Thursday, October 26, 2006

The Field, not the Class

Monday and Tuesday I spent in field training officer/preceptor classroom training. We all thought the meetings were going to be about going over the nuts and bolts of the job, but it was instead more of a focus on safety issues and adult learning.

I hate meetings, particularly mandated day long meetings that cover material required to be taught by either some law or policy. During Hurricane Katrina, some of us were sent down to Mississippi. Because we were a private company, our employees were “on the ground” and helping almost immediately. I later heard stories of fire departments that went down as part of the federal effort and were required to spend days in classrooms getting sexual harassment and other training before they could start. Which doesn’t mean, our company doesn’t subject its employees to long meetings. To comply with our national training officer standard we had to sit through these two days or we would no longer be able to train other people. We got paid for it, but still it was painful.

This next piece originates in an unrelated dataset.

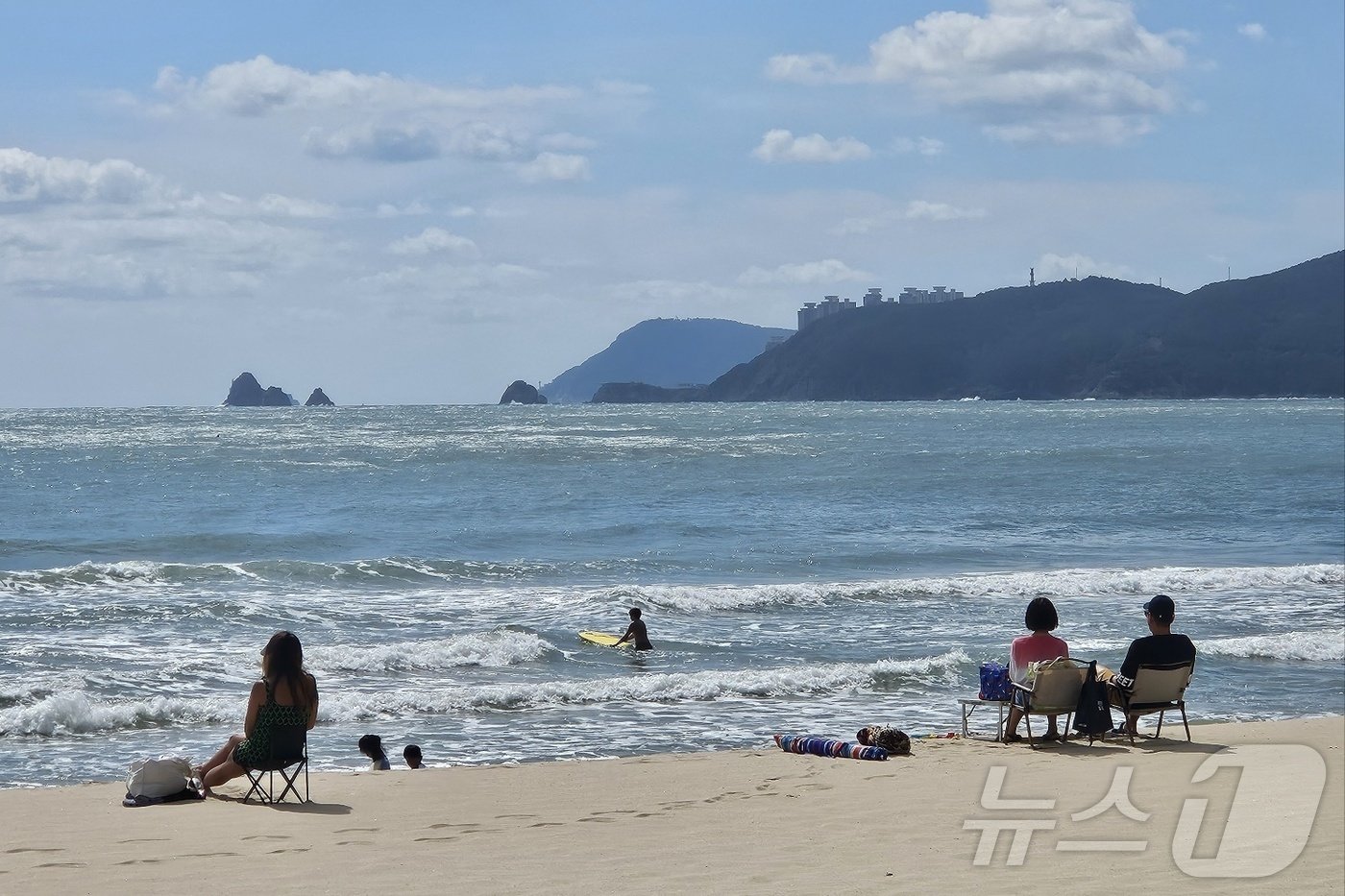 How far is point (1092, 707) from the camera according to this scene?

The first day was about safety and we had to watch these homemade films about accidents and poor management styles. It either starred employee volunteers or some pretty bad actors playing employees. At one point I said the problem was no longer the employee it was the company’s for not firing the one guy who in nearly every scene was doing something stupid.

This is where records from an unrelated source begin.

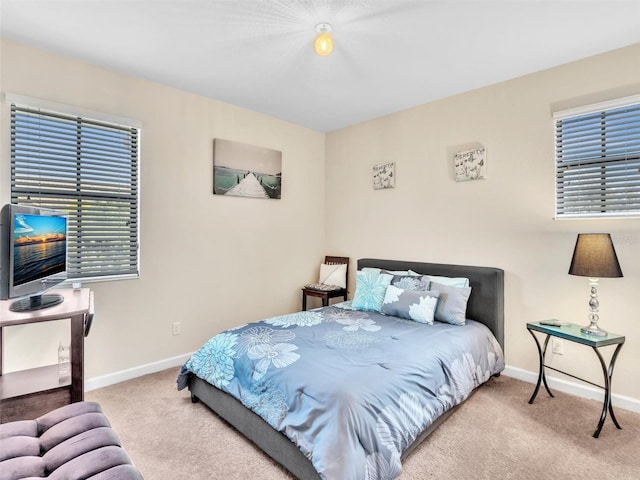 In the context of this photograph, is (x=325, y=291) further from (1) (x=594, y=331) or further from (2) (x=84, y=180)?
(2) (x=84, y=180)

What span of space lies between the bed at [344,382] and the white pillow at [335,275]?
123cm

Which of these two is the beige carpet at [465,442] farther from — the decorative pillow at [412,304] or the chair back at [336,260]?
the chair back at [336,260]

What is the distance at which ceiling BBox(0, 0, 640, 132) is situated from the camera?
2.04m

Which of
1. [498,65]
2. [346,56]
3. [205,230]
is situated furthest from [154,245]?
[498,65]

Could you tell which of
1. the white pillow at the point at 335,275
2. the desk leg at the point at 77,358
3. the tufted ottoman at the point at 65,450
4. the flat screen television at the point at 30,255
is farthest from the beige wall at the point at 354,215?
the tufted ottoman at the point at 65,450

While the teacher was a good guy and there is no denying the need to emphasize safety, keeping 30 EMTs and medics in a class for eight hours is a hard task. We are all let’s get out there and do it types. Me, I can’t sit for more than an hour or two without going nuts. I was trying not to be rude, while surreptitiously doing the crossword puzzle in the daily paper. I needed to keep my mind busy.

The 2nd day focused on adult learning. The teacher was pretty good, but still it was a long day. The one cool part was we got to take a variety of personality tests, including the Myers-Briggs Personality Indicator and a left-brain, right-brain test. On the Myers-Briggs test, I came out an INFJ, which means I would be a good writer/editor or a nurse, which I will take to count as a paramedic also. On the right brain left brain I was 2/3 right-brain to 1/3 left brain. On the control test, I came out believing strongly in my own skills as opposed to luck or fate. On a management test I did really well except in one category about the setting of goals or standards for employees, where I came out worse than entry level managers. I went back and looked at the scoring and saw where I lost points. Here’s the one question where I lost major points.

“New supervisors may think they are going to make a big hit by holding their personnel to high standards, but they soon learn that doing so does not work.”

I wrote “strongly agree” when the more correct answer was “strongly disagree.”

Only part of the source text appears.